À medida que a sociedade civil – sugere e executa - diretamente as ações que lhe atingem ou dizem respeito, criam-se novos espaços ético-políticos nas localidades. De acordo com COOKE e KATHARI, BWER, apud VASCONCELOS e VASCONCELOS (2008):
Embora já existam oportunidades para os socialmente excluídos terem acesso e controle sobre recursos para o desenvolvimento, evidências empíricas têm mostrado que o argumento da transformação social através da participação social em programas de desenvolvimento não tem efetivamente promovido transformação social em favor dos socialmente excluídos
Tal participação tem reforçado o domínio de idéias e ideologias das pessoas ou organizações que possuem o poder e impõe o controle externo sobre os desempoderados dando a oportunidade de cooptação e perpetuação de certo desequilíbrio de poder (idem).
Aparentemente os residentes são reconhecidos como parte do processo de desenvolvimento e planejamento. Não obstante, a pesquisa sugere que o movimento em favor do planejamento de turismo com base no empowerment da comunidade é muito limitado e que (...) o envolvimento da comunidade está sendo controlado de cima e usado para informar e persuadir e não para promover a interação.
A Análise sugere que a visão da comunidade ou dos residentes será tomada em conta somente quando a política e a ideologia nacionais estejam orientadas nesse sentido. (BAHAIRE e ELLIOTT-WHITE, apud BARRETTO, 2005). Para BARRETTO (op. cit.) a questão da participação precisa ser mais bem definida e estruturada do ponto de vista metodológico, uma vez que, muitas vezes, chama-se de “participação” à simples comunicação, durante uma reunião, de que determinado plano será implementado. Isso acontece em várias partes do mundo. Segundo a autora a participação da população no processo de decisão, bem como a consulta da comunidade, ocorre com mais freqüência por meio de pesquisas de opinião realizadas pela mídia do que por meio de análises sociais independentes ou mesmo de processos formais e contínuos de participação da comunidade.
Participação local significa “dar as pessoas maiores oportunidades de participação efetiva nas atividades de desenvolvimento. Isso significa proporcionar condições para que elas mobilizem seu próprio potencial, sejam agentes sociais em vez de sujeitos passivos, gerenciem os recursos, tomem decisões e controlem as atividades que afetem suas vidas (CERNEA, apud BRANDON, 1995)
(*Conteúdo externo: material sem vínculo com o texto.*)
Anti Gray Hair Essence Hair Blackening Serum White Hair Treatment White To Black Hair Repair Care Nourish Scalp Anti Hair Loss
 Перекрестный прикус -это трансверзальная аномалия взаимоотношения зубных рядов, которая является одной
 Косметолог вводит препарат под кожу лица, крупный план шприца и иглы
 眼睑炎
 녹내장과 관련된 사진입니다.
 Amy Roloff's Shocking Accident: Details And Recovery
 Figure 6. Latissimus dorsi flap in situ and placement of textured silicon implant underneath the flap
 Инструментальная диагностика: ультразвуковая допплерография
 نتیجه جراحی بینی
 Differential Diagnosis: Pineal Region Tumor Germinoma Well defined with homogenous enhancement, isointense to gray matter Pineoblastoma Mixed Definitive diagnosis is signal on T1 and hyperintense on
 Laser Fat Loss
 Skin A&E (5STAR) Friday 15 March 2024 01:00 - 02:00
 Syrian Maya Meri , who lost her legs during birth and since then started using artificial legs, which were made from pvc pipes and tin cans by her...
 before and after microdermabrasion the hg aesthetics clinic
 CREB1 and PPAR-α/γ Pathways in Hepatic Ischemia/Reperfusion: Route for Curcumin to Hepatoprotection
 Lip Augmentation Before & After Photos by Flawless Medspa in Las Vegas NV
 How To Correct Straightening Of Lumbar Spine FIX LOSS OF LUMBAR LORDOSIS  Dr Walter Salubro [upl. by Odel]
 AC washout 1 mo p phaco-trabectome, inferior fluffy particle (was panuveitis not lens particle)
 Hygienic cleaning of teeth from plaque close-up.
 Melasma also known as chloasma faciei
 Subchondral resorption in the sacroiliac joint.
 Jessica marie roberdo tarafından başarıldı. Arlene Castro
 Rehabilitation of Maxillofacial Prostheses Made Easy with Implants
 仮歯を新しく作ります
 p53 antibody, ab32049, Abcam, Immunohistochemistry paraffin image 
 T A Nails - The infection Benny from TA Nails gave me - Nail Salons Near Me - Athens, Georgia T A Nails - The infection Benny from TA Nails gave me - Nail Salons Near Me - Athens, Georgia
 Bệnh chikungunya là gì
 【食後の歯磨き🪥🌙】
Turismo com base comunitária busca através da participação da comunidade local oferecer condições para fomentar atividades econômicas que promovam um desenvolvimento turístico: a comunidade receptora do destino turístico sustentável, eqüitativo, responsável pela preservação sócio-cultural comunitária e dos recursos naturais. Segundo a WWF Internacional (2001) “o turismo de base comunitária é aquele onde as sociedades locais possuem o controle efetivo sobre seu desenvolvimento e gestão”. Os projetos de turismo devem sugerir o envolvimento participativo desde o início de modo a proporcionar a maior parte de seus benefícios para as comunidades locais.
A abordagem participativa envolve as pessoas no processo de seu próprio desenvolvimento. Considerar a participação local ou comunitária como um processo significa gerar benefícios sociais e econômicos, mas não se limita apenas a isso. O processo participativo auxilia as pessoas a adquirirem um controle mais efetivo sobre suas próprias vidas. [...] Em uma abordagem genuinamente participativa, a comunidade local é consultada e tem voz ativa na tomada de decisões. (BRANDON, op.cit)
[1] Qualidade de vida entende-se o grau de satisfação com a vida nos múltiplos aspectos: moradia, transporte, alimentação, lazer, satisfação/realização profissional, vida sexual e amorosa, relacionamento com outras pessoas, liberdade, autonomia e segurança financeira, sendo para tal muito importante o desenvolvimento do local onde se vive (NAHAS apud BARRETTO, 2005).